[Exercise details] Among the entries below, the lines from the one with "O governador Carlos" up to and including the one with "Senadores CPI da" are to be restated exactly, without pictures.

[Materials provided]
※ ※ ※

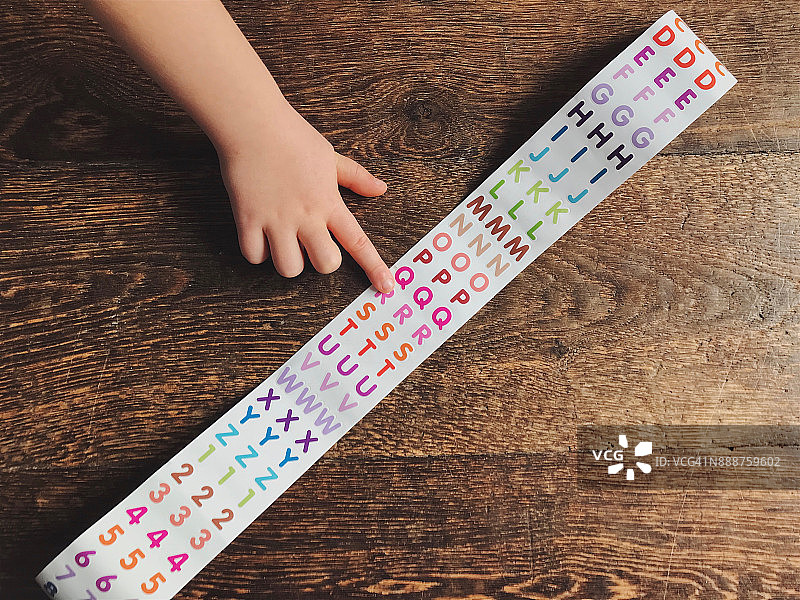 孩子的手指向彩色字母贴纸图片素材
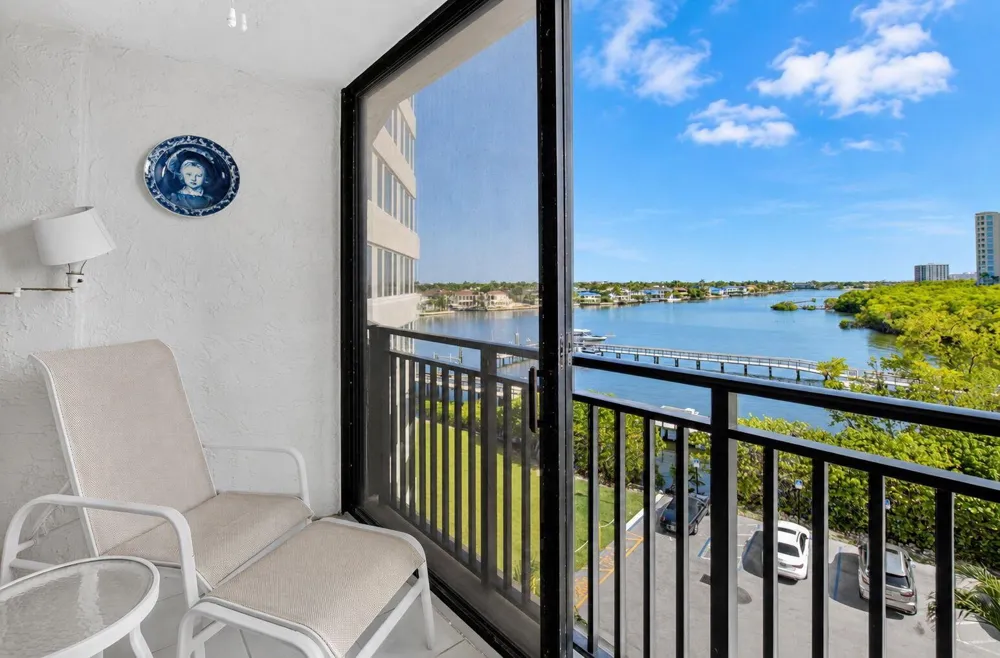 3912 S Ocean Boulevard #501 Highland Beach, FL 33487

※ ※ ※

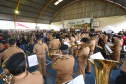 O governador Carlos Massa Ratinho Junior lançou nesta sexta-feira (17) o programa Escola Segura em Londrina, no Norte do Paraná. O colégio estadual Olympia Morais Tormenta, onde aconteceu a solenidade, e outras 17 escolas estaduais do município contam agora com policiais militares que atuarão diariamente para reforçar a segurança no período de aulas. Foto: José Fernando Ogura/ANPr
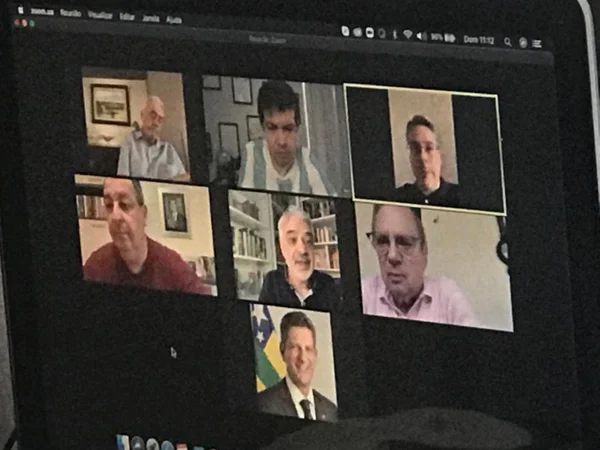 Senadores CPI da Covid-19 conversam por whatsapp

※ ※ ※

[Written response]
 O governador Carlos Massa Ratinho Junior lançou nesta sexta-feira (17) o programa Escola Segura em Londrina, no Norte do Paraná. O colégio estadual Olympia Morais Tormenta, onde aconteceu a solenidade, e outras 17 escolas estaduais do município contam agora com policiais militares que atuarão diariamente para reforçar a segurança no período de aulas. Foto: José Fernando Ogura/ANPr
 Senadores CPI da Covid-19 conversam por whatsapp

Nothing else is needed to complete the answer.